Human-Computer Interaction Institute Professor of Practice Paul Pangaro will deliver a lecture entitled “Computing Conversation / When, Why, How, Who?” as part of the Computational Design Lecture series. The lecture takes place on Tuesday 09 April at 5:30pm in Breed Hall/MMCH 103.
The talk begins by riffing on “conversational machines” that were built long before today’s chatbots and voice interfaces. Without the wonder of speech recognition and the latest tech getting in the way, these works offer principles and suggest projects for "designing for conversation” in the modern day. Approaching conversation as the highest goal for design affords a practical view of the ethics of designing interactions.
Computing Conversation – When, Why, How, Who?
Tuesday 09 April, 2019 | 5:30pm
Breed Hall / Margaret Morrison Carnegie Hall Room 103
When Gordon Pask created his immersive gallery installation “Colloquy of Mobiles” in 1968, he gave us a vision of a future that we have thus far refused. Unlike our merely-responsive devices of today, Pask’s mobiles from 50 years ago are organic and analog in appearance and behavior, a gaggle of autonomous machines at human scale. And they are capable of conversation. But Pask never built a chatbot. Neither did his mobiles partake in the messy, contorted exchanges that humans get into, but still – they exchanged messages and decided whether to engage or not, and whether to cooperate or not, all in service of their individual (and often shared) goals. They had a conversation. The pinnacle of Pask’s conversational designs is an “architecture machine,” the enabling of a human-machine conversation that evolves not just the means of building a design (CAD renderings, engineering specifications) but also evolves the goals and values behind a design (reasons for why the design is what it is). Reviewing Pask’s career yields rich desiderata for human-machine interaction that we can use to reframe our human relationship to machines, if we wish to. Today we have extraordinary work from architects, artists, and technologists, striving for organic and analog environments, even creating a responsive fabric for “smart cities” and IoT. But where is the actuality of conversation, the dance of intention and action?
In this talk, Colloquy of Mobiles and its full-scale replication in 2018 are used to revisit Pask’s journey from building conversational machines to building a theory of conversations. An invaluable concept emerging from conversational machines is the definition of an “ethical interface” that offers reliable transparency of action and intent – the what and the why – such that trust may arise. Yet the ultimate provocation of conversational machines is imperative for all who design: to enable others to converse.

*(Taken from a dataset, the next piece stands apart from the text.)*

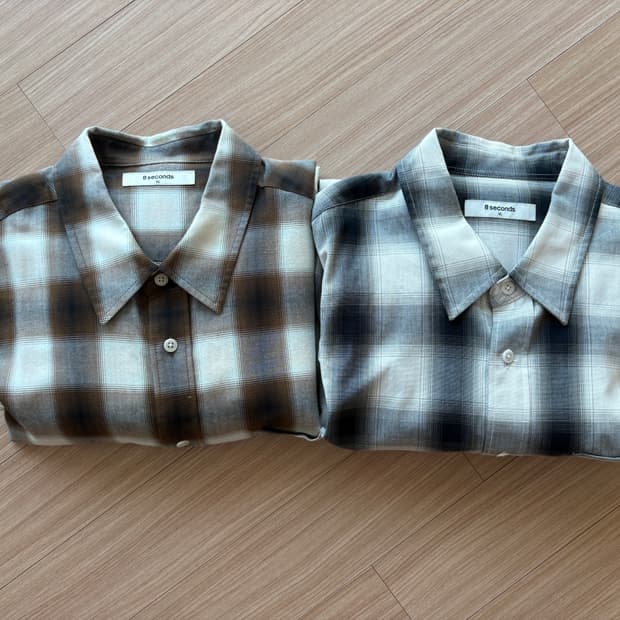 에잇세컨즈 옴브레 체크 셔츠, 옴브레 오버핏 체크 셔츠 105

Thus we increase the number of choices for all.
Paul Pangaro studied theatre, film criticism, and computer science while an undergraduate at MIT, spending the remainder of his time acting in plays and writing software for interactive graphics and computer-generated film. On graduating, Pangaro worked on neural simulations and then joined The Architecture Machine Group, Nicholas Negroponte’s research lab, founded 15 years before the MIT Media Lab. At ArchMach, Pangaro met Gordon Pask and pursued a PhD with Pask at Brunel University (UK), applying Pask’s conversation theory framework to software systems for learning. Over his career in startups and consulting, he has built systems for interacting with content, proposed methods of organizational transformation and “innovation,” and designed the process of design, all based on conversation models. From 2015, he chaired the MFA Interaction Design program at the College for Creative Studies in Detroit, and in January 2019 he joined Carnegie Mellon as Professor of Practice in the Human-Computer Interaction Institute. His work can be found at pangaro.com.
This event is presented as part of the Code Lab Computational Design Lecture Series. The Code Lab at Carnegie Mellon University is a multidisciplinary collaborative formed to address complex issues at the intersection of art, design, architecture, and engineering.